# Shelby Flying Cloud Restoration



## TXClassics (Jan 8, 2017)

I picked this up last fall at a swap meet here in TX. It's a 1934-1935 Shelby Flying Cloud 26" Men's Bike. Pretty complete, there are few spots where the frame has been welded on, but I can fix those. 




 
Only pic I have at the moment, going to pull it out of storage tomorrow to start the restoration...

Big question I have is how rare is this head badge:



Anyone have any info on this one versus the more typical one depicting a ship?

That's the only image on Google I can find that matches the badge on the bike. which is pretty worn and should really be replaced or restored. If anyone knows where to find a really nice one like this I'd be a cash buyer.

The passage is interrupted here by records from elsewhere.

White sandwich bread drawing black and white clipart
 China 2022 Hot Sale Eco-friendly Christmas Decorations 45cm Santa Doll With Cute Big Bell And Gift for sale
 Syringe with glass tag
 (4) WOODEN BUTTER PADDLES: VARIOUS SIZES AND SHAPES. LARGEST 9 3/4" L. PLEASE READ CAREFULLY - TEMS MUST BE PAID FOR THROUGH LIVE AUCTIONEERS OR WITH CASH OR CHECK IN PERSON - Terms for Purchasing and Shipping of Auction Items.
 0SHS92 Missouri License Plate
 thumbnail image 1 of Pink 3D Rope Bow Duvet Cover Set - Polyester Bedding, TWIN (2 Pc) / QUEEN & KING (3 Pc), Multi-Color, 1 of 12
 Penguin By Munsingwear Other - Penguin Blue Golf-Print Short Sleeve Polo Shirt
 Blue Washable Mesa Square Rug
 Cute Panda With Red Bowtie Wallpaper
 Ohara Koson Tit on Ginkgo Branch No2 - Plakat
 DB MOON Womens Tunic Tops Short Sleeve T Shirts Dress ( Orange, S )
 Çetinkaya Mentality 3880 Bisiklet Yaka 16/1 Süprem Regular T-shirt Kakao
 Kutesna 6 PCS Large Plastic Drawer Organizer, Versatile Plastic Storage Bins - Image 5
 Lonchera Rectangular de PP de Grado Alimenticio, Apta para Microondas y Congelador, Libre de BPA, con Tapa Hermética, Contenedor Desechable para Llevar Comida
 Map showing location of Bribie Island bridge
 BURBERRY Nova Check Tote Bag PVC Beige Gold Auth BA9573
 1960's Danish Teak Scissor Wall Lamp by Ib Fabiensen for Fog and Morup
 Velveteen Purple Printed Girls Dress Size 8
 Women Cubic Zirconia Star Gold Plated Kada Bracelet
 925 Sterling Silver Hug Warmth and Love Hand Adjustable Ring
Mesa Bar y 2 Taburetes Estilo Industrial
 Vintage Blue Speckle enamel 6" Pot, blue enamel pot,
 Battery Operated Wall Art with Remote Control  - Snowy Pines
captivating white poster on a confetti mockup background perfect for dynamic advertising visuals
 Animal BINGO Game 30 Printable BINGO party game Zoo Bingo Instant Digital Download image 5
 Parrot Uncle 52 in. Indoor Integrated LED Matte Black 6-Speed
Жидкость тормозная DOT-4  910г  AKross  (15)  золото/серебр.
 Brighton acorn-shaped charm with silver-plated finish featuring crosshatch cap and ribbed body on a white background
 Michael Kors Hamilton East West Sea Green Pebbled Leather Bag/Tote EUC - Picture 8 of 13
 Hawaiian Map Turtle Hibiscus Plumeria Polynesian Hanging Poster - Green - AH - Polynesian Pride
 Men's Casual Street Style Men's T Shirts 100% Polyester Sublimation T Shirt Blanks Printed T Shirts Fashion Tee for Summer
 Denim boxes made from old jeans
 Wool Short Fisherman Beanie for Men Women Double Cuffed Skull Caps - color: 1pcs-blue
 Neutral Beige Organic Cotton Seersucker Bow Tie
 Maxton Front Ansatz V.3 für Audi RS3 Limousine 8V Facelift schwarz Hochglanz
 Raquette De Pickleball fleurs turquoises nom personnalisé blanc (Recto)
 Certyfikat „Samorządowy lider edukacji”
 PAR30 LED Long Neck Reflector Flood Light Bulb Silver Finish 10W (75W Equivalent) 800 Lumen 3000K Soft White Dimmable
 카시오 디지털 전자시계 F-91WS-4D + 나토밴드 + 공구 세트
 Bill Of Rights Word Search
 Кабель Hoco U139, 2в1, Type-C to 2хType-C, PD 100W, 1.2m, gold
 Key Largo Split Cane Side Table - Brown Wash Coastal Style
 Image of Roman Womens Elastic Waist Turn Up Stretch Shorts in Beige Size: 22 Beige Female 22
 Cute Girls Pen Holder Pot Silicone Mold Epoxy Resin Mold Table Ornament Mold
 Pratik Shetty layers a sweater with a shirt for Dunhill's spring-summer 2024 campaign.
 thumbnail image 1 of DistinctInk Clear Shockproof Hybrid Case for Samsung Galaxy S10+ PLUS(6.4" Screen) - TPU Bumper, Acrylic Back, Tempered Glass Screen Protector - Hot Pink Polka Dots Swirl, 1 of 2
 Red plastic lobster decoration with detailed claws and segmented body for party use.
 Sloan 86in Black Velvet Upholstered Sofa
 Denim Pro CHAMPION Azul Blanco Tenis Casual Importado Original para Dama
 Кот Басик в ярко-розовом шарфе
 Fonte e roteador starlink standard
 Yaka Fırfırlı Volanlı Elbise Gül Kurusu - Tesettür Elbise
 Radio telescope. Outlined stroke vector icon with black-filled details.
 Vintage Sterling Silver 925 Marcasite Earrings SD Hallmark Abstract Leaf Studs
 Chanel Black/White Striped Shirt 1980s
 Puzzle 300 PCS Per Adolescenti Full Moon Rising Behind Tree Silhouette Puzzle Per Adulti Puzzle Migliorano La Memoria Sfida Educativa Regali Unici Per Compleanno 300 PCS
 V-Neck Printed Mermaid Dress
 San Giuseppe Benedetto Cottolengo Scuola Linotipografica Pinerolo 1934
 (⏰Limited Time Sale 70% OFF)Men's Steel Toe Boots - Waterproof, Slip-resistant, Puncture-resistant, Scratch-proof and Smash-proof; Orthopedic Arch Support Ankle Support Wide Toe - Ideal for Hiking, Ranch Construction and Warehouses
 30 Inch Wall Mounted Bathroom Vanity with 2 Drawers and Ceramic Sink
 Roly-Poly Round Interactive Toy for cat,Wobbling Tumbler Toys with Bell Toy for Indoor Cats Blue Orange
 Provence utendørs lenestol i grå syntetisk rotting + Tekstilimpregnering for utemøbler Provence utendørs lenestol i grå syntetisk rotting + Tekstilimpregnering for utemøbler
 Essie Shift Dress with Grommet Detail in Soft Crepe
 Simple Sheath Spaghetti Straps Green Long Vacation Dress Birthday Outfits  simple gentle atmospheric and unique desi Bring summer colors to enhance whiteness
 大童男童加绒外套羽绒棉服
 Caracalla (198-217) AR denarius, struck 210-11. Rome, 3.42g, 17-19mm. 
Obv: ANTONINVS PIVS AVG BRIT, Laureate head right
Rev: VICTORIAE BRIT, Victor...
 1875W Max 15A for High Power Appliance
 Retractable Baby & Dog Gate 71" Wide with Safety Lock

Plans are to do a period-correct restoration, I know the bike probably isn't worth much restored, I just would love to have an awesome pre-war bike to show off. 

~Peter


----------



## Freqman1 (Jan 8, 2017)

I'd say that is a pretty scarce badge. I've personally never seen it before. To restore that bike will probably be double what it is worth when you are done. Not trying to discourage you but chrome plating is outrageous these days and a correct factory paint job, cad plating, seat restoration, etc... is going to be expensive. Good luck regardless. V/r Shawn


----------



## TXClassics (Jan 8, 2017)

Shawn, you got that right. It's a pretty rare bike to source parts for, and I know chroming costs would alone exceed the value of the bike... I'm just at a point where I want to get back into the bicycle hobby, and looking at which of my bikes is the best starting point. :/

~Peter


----------



## Freqman1 (Jan 9, 2017)

Actually the bike itself isn't that rare and parts-guard? shouldn't be a real problem. If you want a really nice looking bike it would probably be cheaper to either buy a nice original or a bike that has already been restored. V/r Shawn


----------



## cyclonecoaster.com (Jan 9, 2017)

The headbadge is a early version of the "Flying Cloud" badge - not as common as the later style - very cool though & one of my favorites for a Shelby

As for the bike itself - Many versions of that bicycle were produced - the light & bars are not correct - fenders probably not either & it looks like it has a regular pitch chain with a skip tooth sprocket since the wheelset looks to be mis-matched - but it is still a great comfortable bicycle to ride - restoration is not my thing since the cost will exceed the overall value - I always suggest to purchase a bicycle as complete as you want it - condition and all - since the parts that are missing are usually the money parts - common parts to make it a rider are easily found on here or ebay online - just pay attention to the shipping costs - maybe one seller has a few items that can be combined to save on the shipping - patience is the real key  

So I would suggest to grease it up - find a comfortable seat or get a new top for the one on it restored ( not usually cheap - but worth the money if you're going to ride it ) - air up the tires & ride it until you find another that catches your eye -

Ride Vintage - Frank


----------



## blasterracing (Jan 10, 2017)

Peter:
     That badge is one you don't see all that often.  Pretty cool in my opinion.  Only restore the bike if you want to enjoy it yourself.  You will never get your money back out of it.  Paintwork and chrome is extremely expensive anymore.  I personally love restored bikes, but I only restore them to enjoy and not to make a profit from.  I love fresh chrome and paint!!!!  Just my opinion though. 

Tim Newmeyer
Shelby, Ohio


----------



## azbug-i (Jan 15, 2017)

Wonderful bike and i amazing badge too


----------



## ranman (Jan 16, 2017)

Very, very nice. Have you considered trying to bring existing paint back? I mean if there is any - hard to tell from the pic. Good ole oxylic (sp - wood bleach bath) might bring back some of the original paint. If there is no paint left I really like wiping crusties down with boiled linseed oil. That bike is a head turner for sure! If it were mine I would redo the seat, get a skip tooth chain, clean it grease it and ride it! Maybe keep an eye open for the correct bars etc at swap meets. At any rate the good thing about it is that it is your bike and you can do whatever you want!


----------



## Wards Guy.. (Feb 27, 2017)




----------



## Wards Guy.. (Feb 27, 2017)

That badges really different, this is on my flying cloud Camelback.


----------